Purpose
The purpose of this research paper was to use a non-parametric Chi-Square test to determine the potential relationship between gender and age among California DUI drivers involved in fatal crashes. Accordingly, the statistical analysis should help determine the significance of the relationship in the number of such crashes among genders — men and women — as a function of age. The results of this test will answer the questions listed under Methodological Questions.
Focus
This research paper focuses on the problem of drunk driving in California, US. By ignoring traffic laws and regulations, drunk drivers not only endanger their own lives and the lives of their passengers but also endanger other road users, including pedestrians. Newsom et al. (2021) collected official data on the number of fatal crashes for intoxicated drivers in 2018 and provided it in their report. The data, differentiated by gender and age of drivers, are of interest in terms of the Chi-Square test to determine the relationship. Specifically, Chi-Square is a non-parametric test that detects a relationship between two categorical variables, just as applicable in this case, where the variables are age groups and gender.
Methodological Questions
The methodological basis for this research paper was to conduct a non-parametric test to determine the independence between two categorical variables, age and gender, of California drivers responsible for fatal crashes due to drunk driving. The data came from a search of official statistics that resulted in a government report by Newsom et al. (2021). A close reading of that report revealed information on the age-gender distributions of fatal crashes in which drivers were under the influence of alcohol or drugs. The data were copied into IMB SPSS v.28 and then used to run the Chi-Square test. More specifically, the expected frequencies for each cell in the original table and the number of degrees of freedom were manually calculated to determine the χ2 parameter. The null hypothesis of the study assumed that there was no significant relationship between the age and gender of drunk drivers, and thus the variables were independent. In contrast, the alternative hypothesis postulated that both variables were not independent, implying that there was a relationship between them.

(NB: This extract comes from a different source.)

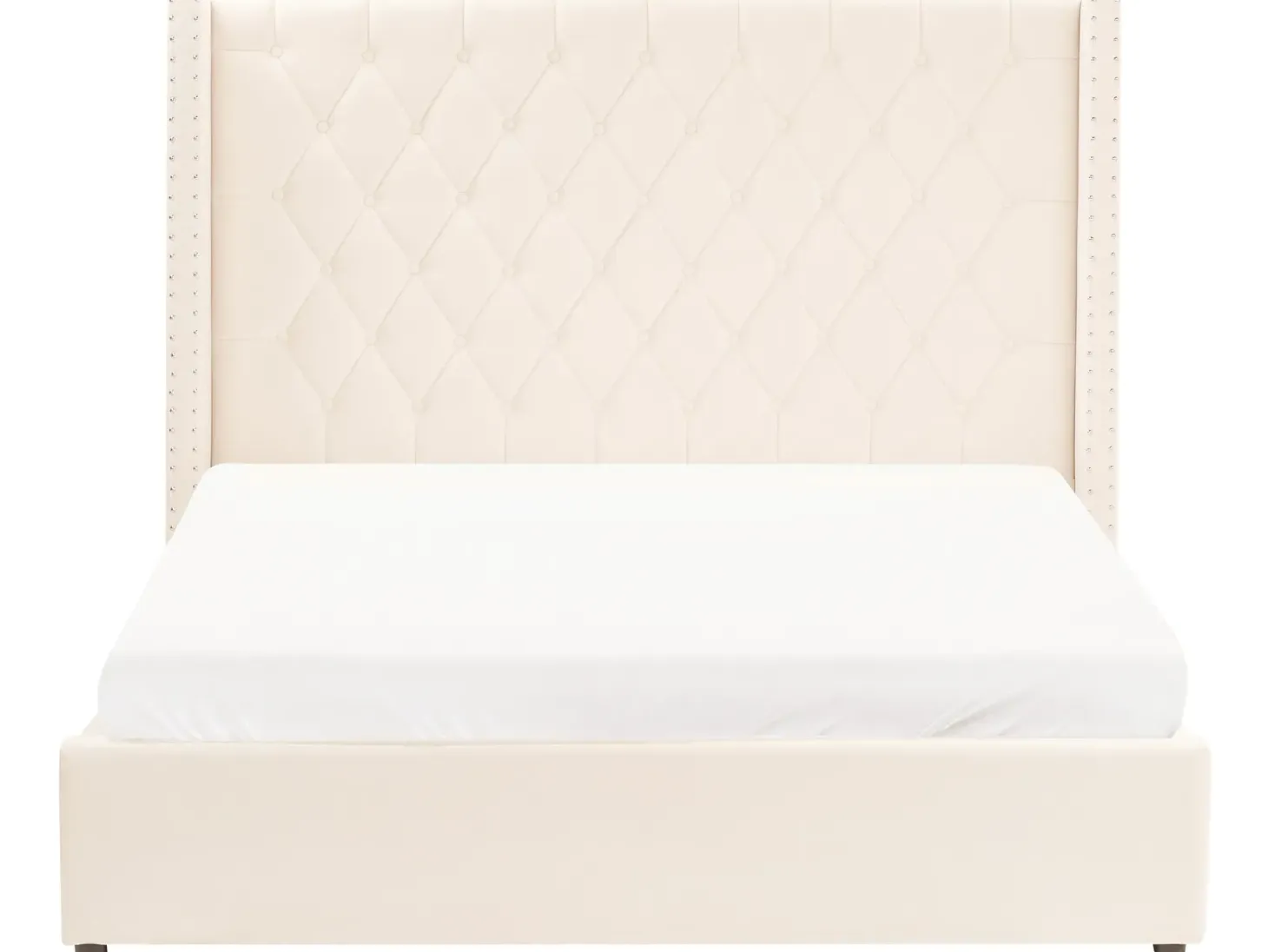 Seng med opbevaring LUBBON Velour Cremehvid 160 x 200 cm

To determine the statistical significance of the findings, a critical level of significance alpha equal to.05 was used, comparing the calculated p-value, which allowed either rejecting or accepting the null hypothesis. Hence, the methodology described allowed the following questions to be fully answered:
- Is there a relationship between age and gender in fatal crashes involving drunk drivers?

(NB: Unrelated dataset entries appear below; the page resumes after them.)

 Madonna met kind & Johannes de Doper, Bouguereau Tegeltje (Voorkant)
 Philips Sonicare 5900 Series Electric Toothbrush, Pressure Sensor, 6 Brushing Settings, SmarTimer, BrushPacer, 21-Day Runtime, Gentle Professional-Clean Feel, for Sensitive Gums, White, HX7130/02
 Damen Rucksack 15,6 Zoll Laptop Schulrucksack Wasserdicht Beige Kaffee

- Are the results statistically significant?
- If the results were significant, what exactly is the relationship between age and gender found?
Data Collection
The statistical test used data provided by Newsom et al. (2021) in their 2018 annual report on California traffic accidents. The authors reported a large number of data and tables, depending on the focus and angle of their review. However, Table 22a (p. 87) was of particular interest, which presented data on fatal crashes for DUI drivers based on gender and age.
Analysis and Procedure
One of the primary procedures for processing the data is to visualize it using a scatter plot. Figure 1 below shows the data points as a function of age for the two gender groups and the linear regression trends for each set. Based on this visualization, an initial conclusion can be drawn that men are more likely than women to be involved in crashes due to drunk driving, as each data point for women has a lower frequency than the same value for men. This is also supported by scientific data reporting that male drivers are more likely to be responsible for fatal crashes (Høye, 2020). At the same time, the trend is downward for age, that is, for both gender groups, the number of accidents due to drunk driving decreases on average with increasing age, although before the age of 21, the frequency of these cases increases.
In inferential analysis, examining the potential relationship between the data is of most interest. Table 1 shows the raw data used for the Chi-Square test. The analysis demonstrated a significant relationship between the variables, namely χ2(8, N = 19232) = 183.378, p <.001. In other words, the results indicate that there is a significant relationship between the age and gender of DUI drivers because there is sufficient evidence to reject the null hypothesis.
Table 1. Raw data on the number of fatal crashes for gender and age groups.
Table 2 reports intermediate Chi-Square test results determining values of expected frequencies. Since the significance of the relationship between age and gender has already been determined, it is interesting to identify the nature of this relationship. In particular, as seen in Table 2, the number of fatal crashes caused by DUI male drivers aged 31 to 40 and 60 to 69 was higher than expected when the null hypothesis was confirmed. It may follow that men in these age groups are more likely to commit drunk driving crimes. For women, similar findings hold for the following age groups: under 18, 18 to 30, 41 to 59, and over 70. Although men tend to commit these types of crimes more often, the results cautiously show that the number of age groups of women in fatal crashes that deviate from the null hypothesis is higher than for men.
Table 2. Comparison of observed and expected frequencies for the gender-age distribution.
References
Høye, A. (2020). Speeding and impaired driving in fatal crashes — results from in-depth investigations. Traffic Injury Prevention, 21(7), 425-430. Web.
Newsom, G. C., Omishakin, T., & Gordon, S. (2021). Annual report of the California DUI management information system. Web.